23. The authority may accept an approval of an automated underwriting system in lieu of satisfaction of the foregoing requirements for the flexible alternative program if the executive director determines that such delegated underwriting system is designed so as to adequately protect the financial integrity of the flexible alternative program.

24. The executive director may establish a flexible alternative rehabilitation mortgage loan program. The regulations set forth in subdivisions 1 through 23 of this section shall apply to such flexible alternative rehabilitation mortgage loan program, with the following modifications:

a. At the time of closing, the applicant must occupy or intend to occupy within 180 days the property to be financed as his principal residence;

b. The provision of clause (iii) of subdivision 4 of this section permitting the financing of a doublewide manufactured home permanently affixed to the land shall not apply.

c. The maximum loan amount for a purchase shall be 100% of the lesser of (i) the sum of purchase price plus rehabilitation costs; or (ii) the as completed appraised value. The maximum loan amount for a refinance shall be 100% of the lesser of (i) the outstanding principal balance plus rehabilitation costs; or (ii) the as completed appraised value.

d. The rehabilitation costs to be financed may not exceed an amount equal to 50% of the as completed appraised value.

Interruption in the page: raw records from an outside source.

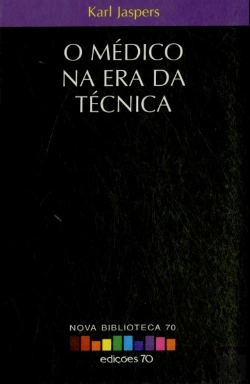 Bertrand.pt - O Médico na Era da Técnica
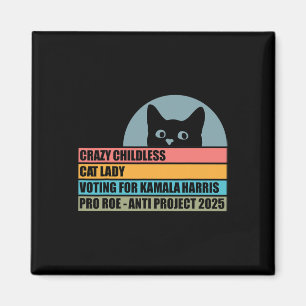 Crazy Childless Cat Lady für Kamala Harris Magnet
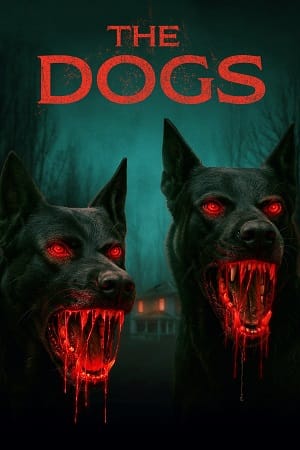 The Dogs (2025) WEB-DL Dual Audio {Hindi-English} 480p | 720p | 1080p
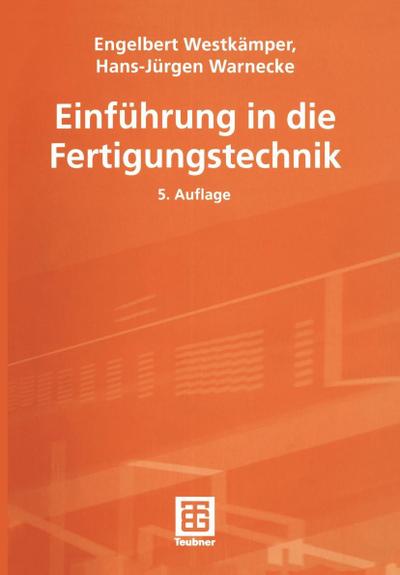 Einführung in die Fertigungstechnik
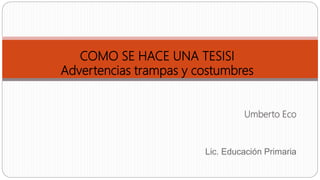 Umberto Eco
Lic. Educación Primaria
COMO SE HACE UNA TESISI
Advertencias trampas y costumbres
 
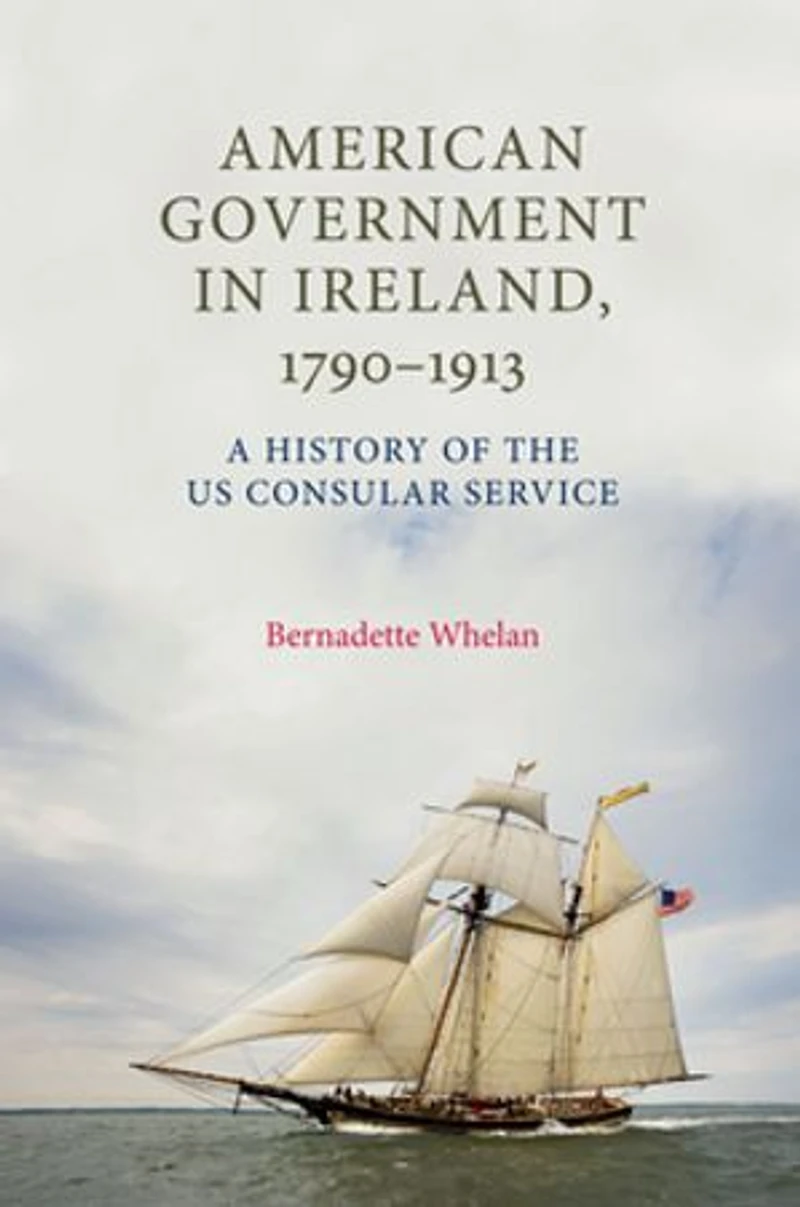 American Government Ireland, 1790–1913: A history of the US consular service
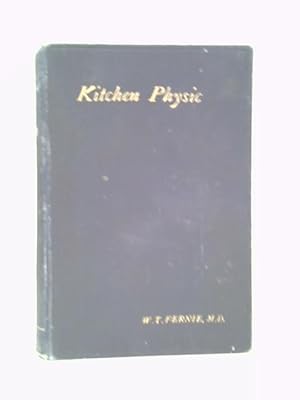 Seller image for Kitchen Physic: At Hand for the Doctor and Helpful for Homely Cures for sale by World of Rare Books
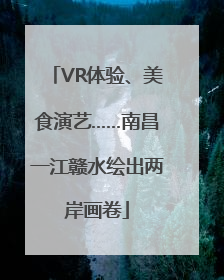 VR体验、美食演艺……南昌一江赣水绘出两岸画卷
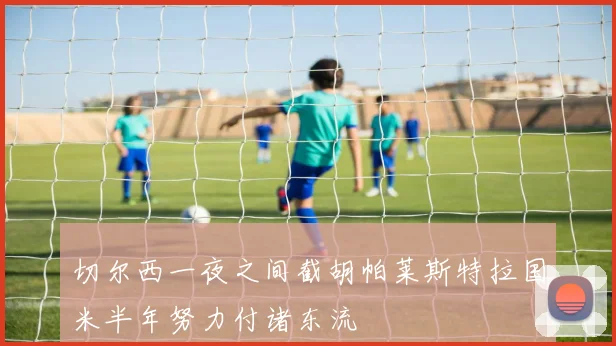 切尔西一夜之间截胡帕莱斯特拉国米半年努力付诸东流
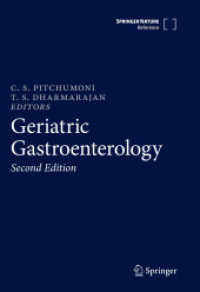 老年消化器病学（第２版・全３巻）<br>Geriatric Gastroenterology. Geriatric Gastroenterology, 3 Teile （2. Aufl. 2021. xlii, 2373 S. XLII, 2373 p. 662 illus., 430 illus. in c）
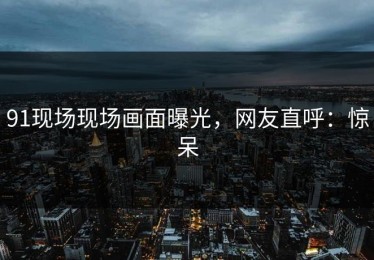 91现场现场画面曝光，网友直呼：惊呆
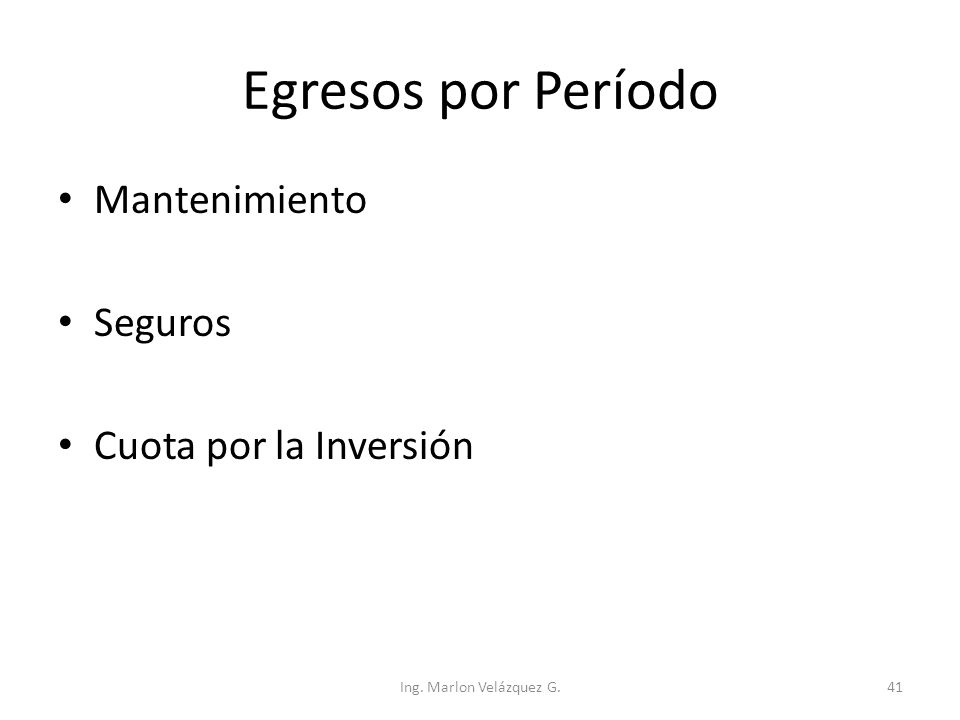 Egresos por Período Mantenimiento Seguros Cuota por la Inversión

e. Loan proceeds may be used to finance the purchase and installation of eligible improvements. Improvements that are eligible for financing are structural alterations, repairs, additions to the residence itself, or other improvements (including appliances) upon or in connection with the residence. In order to be eligible, such improvements must substantially protect or improve the basic livability or utility of the residence. Improvements that are physically removed from the residence but that are located on the property occupied by the residence may be eligible for financing if these improvements substantially protect or improve the basic livability or utility of the residence (i.e., installation of a septic tank or the drilling of a well). Luxury items (such as swimming pools and spas) shall not be eligible for financing hereunder.

f. Loan proceeds may not be used to finance any improvements that have been completed at the time the application is submitted to the authority.

g. All work financed with the loan proceeds shall be performed by a contractor duly licensed in Virginia to perform such work and be performed pursuant to a validly issued building permit, if required, and shall comply with all applicable state and local health, housing, building, fire prevention and housing maintenance codes and other applicable standards and requirements. Compliance with the foregoing shall be evidenced by such documents and certifications as shall be prescribed by the executive director.

h. The executive director may require the applicant to establish a contingency fund for the mortgage loan in an amount adequate to ensure sufficient reserve funds for the proper completion of the proposed improvements in the event of cost over runs. The executive director may also require a holdback from each disbursement of loan proceeds until completion of the residence.

i. The executive director may approve originating agents to originate the acquisition/rehabilitation loans. To be so approved, the originating agent must have a staff with demonstrated ability and experience in acquisition/rehabilitation mortgage loan origination, processing and administration.

j. In addition to the payment of points set forth in subdivision 18 of this section, the originating agent may collect an escrow administration fee and an inspection fee in an amount determined by the executive director to compensate the originating agent for administering the disbursement of the mortgage loan during the rehabilitation of the residence.

Except as modified hereby, all of the requirements, terms and conditions set forth in 13 VAC 10-40-10 through 13 VAC 10-40-220 shall apply to the flexible alternative mortgage loan programs.

VA.R. Doc. No. R03-79; Filed November 25, 2002, 3:47 p.m.